Ruben took another hit, offered the blunt back to David, but he turned it down. Two hits and he was already feeling capable of making some big fucking mistakes. “Look,” Ruben said, “I know who Bennie Savone is. Okay? I know. And I’m going to be loyal to him until the end; you can bet on that.”

“Good.”

“But I don’t know who the fuck you are,” he said. “You don’t even look like the motherfucker who got me tossed up anymore. I know you ain’t a rabbi. Not for real.”

“What’s real, Ruben?” David said.

“Dan Rather,” Ruben said, again. “Talking about how this was the start of some shit the likes of which was only in the movies. Homie, I ain’t fucking seen The Godfather before that. I rented it from Blockbuster. I do not need that shit. What we did to Melanie, that’s real.” He paused. “When Miguel walked in, you were going to kill me, weren’t you?”

“I was,” David said.

“Why didn’t you?”

“Honestly? I didn’t want to kill Miguel, too.”

“Guess I’ll give him that raise, then,” Ruben said. He hit his blunt again. Exhaled. “You don’t have much of a problem with killing, do you?”

“None at all.”

“How’d you get that way?”

“Practice,” David said. “Repetition.”

“I killed someone once,” Ruben said. “I was fifteen.
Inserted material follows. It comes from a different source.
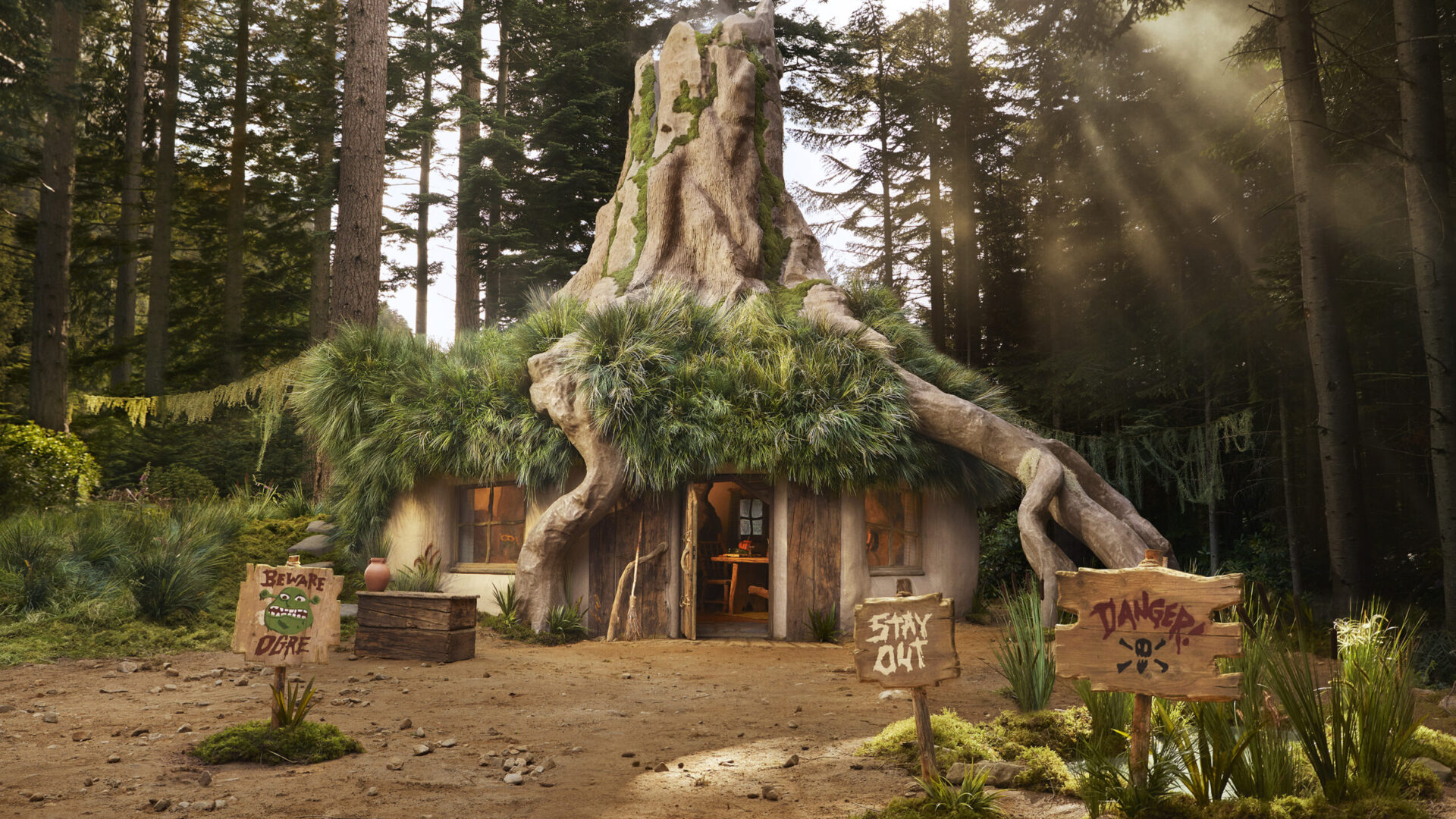 Spend the Night at Shrek’s Swamp, Now on Airbnb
Walked right up on the motherfucker in the food court of the Meadows Mall and stabbed him like, twenty, thirty times, blood all over the glass at Sbarro, families screaming. Blood in the lemonade at Hot Dog on a Stick. A fucking scene, man.”

“Who was it?”

“Some dude wearing the wrong shit,” Ruben said. “He was Twenty-Eighth Street, I was Naked City. That’s all that mattered. I don’t even remember his name.”

“You’re lying,” David said.

“Alejandro Espinoza.”

“You get caught?”

“Naw,” Ruben said, “his family was illegal. Twenty-Eighth got them out of the country, back to Mexico, no one said shit to the cops. But I ended up in juvie a month later anyway on a B and E beef. That’s where Mr. Savone found me. Killing that dude, that fucked me up. But this job? I feel like, in a way, it evens the scales.”

Ruben took another hit. David took one also.

“If I could grant you three wishes,” David said, “what would they be?”

“Homeboy, you are high.”

“I am,” David said.

Ruben pinched off his blunt, carefully wrapped it up in a plastic bag he pulled from his pocket, dropped what was left in a small Tupperware container, then dug a hole underneath the stool, buried the Tupperware, covered it up with dirt. “To be legit,” he said after a while. “To run this place the way I want to run it. Kales and Topaz Home of Peace. No more of this gangster shit. Be out from under Bennie. See you out the door. Deal with real Jews. They’re good people. They deserve better than this shit you’re running.” When David didn’t say anything, Ruben went on: “One day, maybe me and my sons do it together. One day, make it Kales and Topaz and Sons. Or just Topaz and Sons.”

“I deliver that,” David said, “we’re square?”